The title says it all, Suzanne

I enjoyed this poem, its progression and poetics, which slip inobtrusively into the background.
Some lovely thoughtful observations.


Suzanne wrote:The illusion of choice

Little pebbles nest in grooves
on my front steps, discarded
by summer shoes before reaching
the threshold of my house. I wonder ...Very nice assonance throughout, especially pe, ne, ste, thre and the accompanying hissing sibilance.

if any of them are disappointed ...The hard 'I' dominates this stanza nicely.
they didn't make it inside. And
how long I will let them be still
before sweeping them back into the yard. ...I like these two stanzas in their entirety. Loved the stress on AND. Very good, I'll remember that little trick.

We drove the interstate last week, ...Compressed American English methinks. :)
choirs of Christmas trees stranded ...loved 'choirs' and 'Christmas'.
in the grassland between north
and south lanes. And I wonder ...Hard 'a' dominates. This can't be an accident, surely.

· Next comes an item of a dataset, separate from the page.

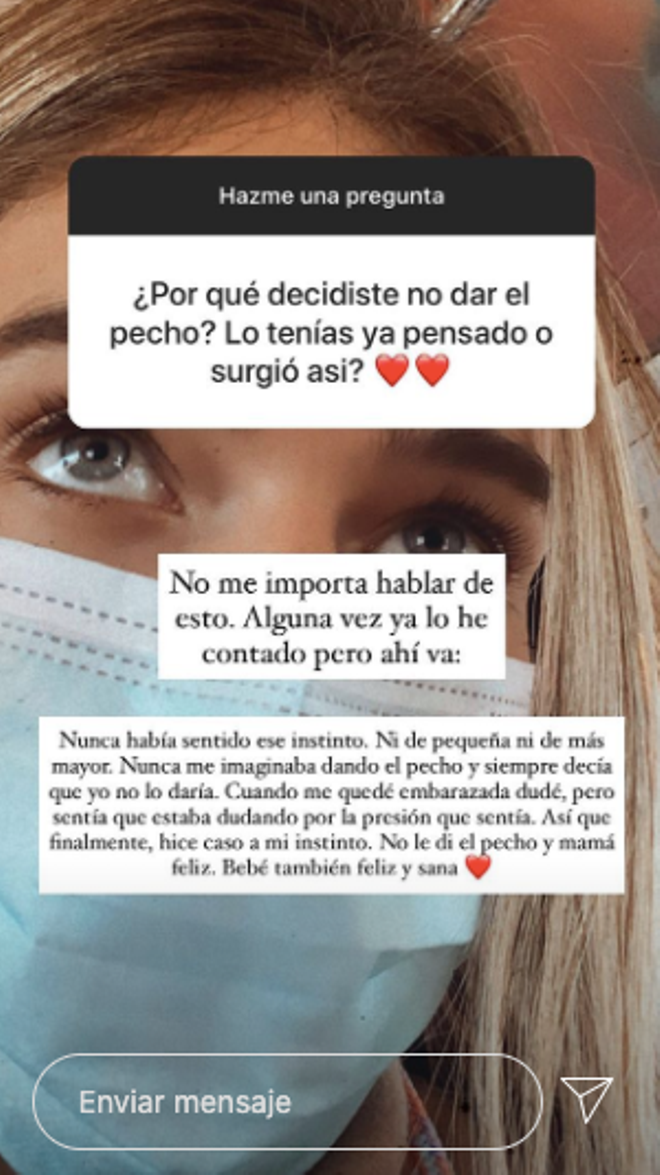 Laura Escanes explica el motivo de no dar el pecho a su hija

if they feel season after season pass by...Good half rhymes
knowing they will never make it
over the highway
and into the safe hiding of the woods. ...The soft 'a' makes an entrance.

Each morning, I see an old woman,
grey head like the prow of a ship,
hunched forward, moving with full steam ...mor, for
on the sidewalk near my home. ...like the morning/moving rhyme

Arms keeping time with her crooked gait,
she personifies the word:
Determined.
And I've wondered if she feels ...her, per, deter, wonder. :)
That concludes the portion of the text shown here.